Consequences are what happens after the behaviour occurs. This may be what happens immediately after (within a few seconds) or some time later (minutes or hours).

How is it managed?

Immediate: (within a few minutes of it occurring)
e.g. given alternative or preferred activity, activity stopped, requests stopped, sent to time out, teacher uses non-verbal prompt.

Longer term: (for the remainder of the lesson/day/week)
e.g. lunchtime detention, phone call home, moved into another maths group.

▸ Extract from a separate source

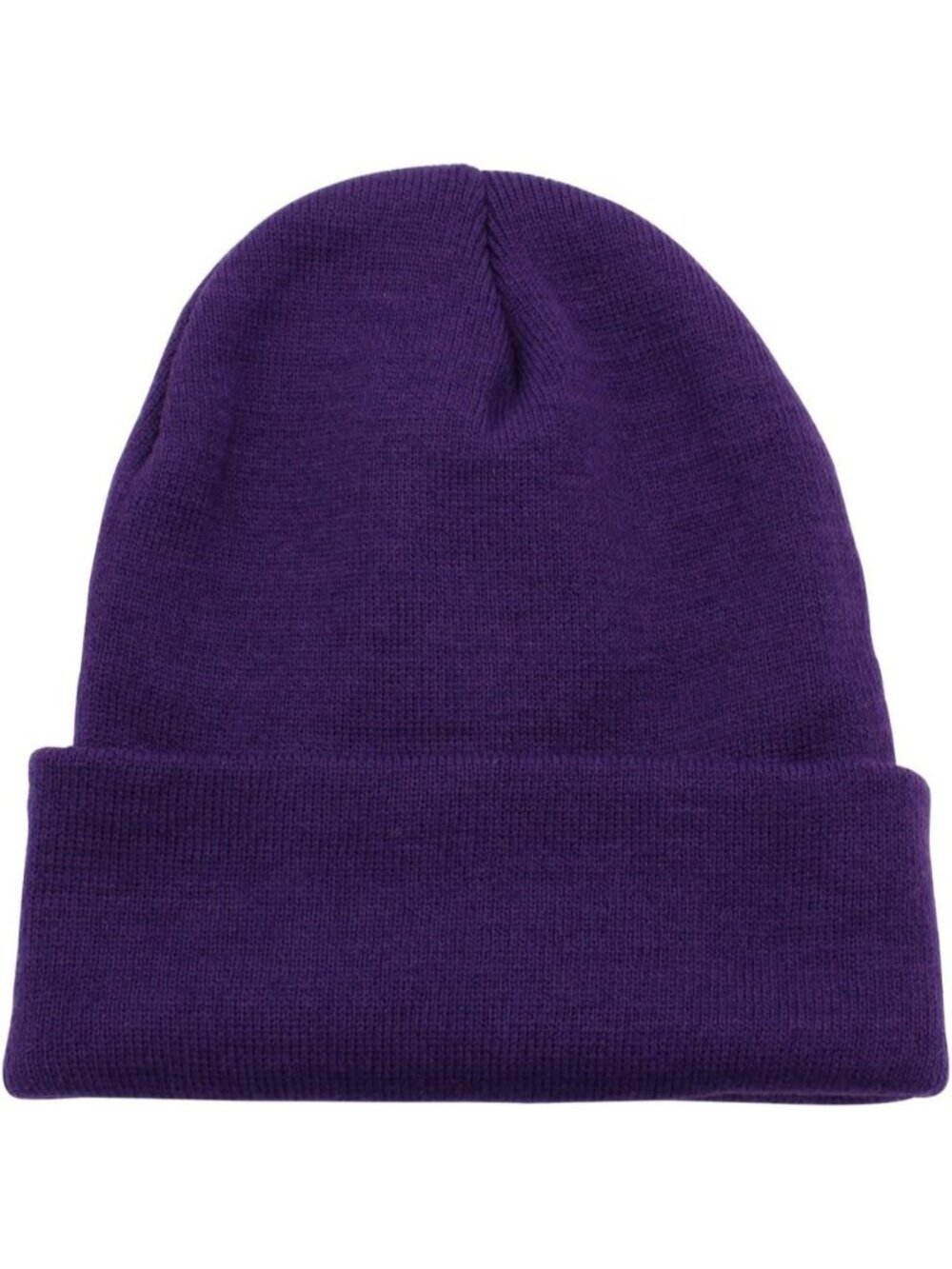 Unisex Purple Cuffed Plain Skull Knit Beanie Hat For Imported Winter Cap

What do the other students do?

e.g. others are scared, peers leave student alone, peers respond or laugh, adults pay attention to student, one-to-one instruction, sits at the office with executives, parents called, student is ignored.

What does the student do?

e.g. walk out slowly, walk out quickly.

How does the student look?

  • Eyes- where was the student looking?
  • Muscle tension
  • Skin colour
  • Body height
  • Breathing
  • What does the student say?
  • Tone of voice
  • Volume

Sources of information

Planned observations. Teacher/SLSO/Executive reports.

Problem Behaviour: John is making noises in class and rocking on his chair.

Consequences: Other students are laughing at him. Teacher sends him to time out for disturbing the class. He walks to time out in a relaxed manner and looks at other students and smiles as he walks past. He avoids eye contact with the teacher.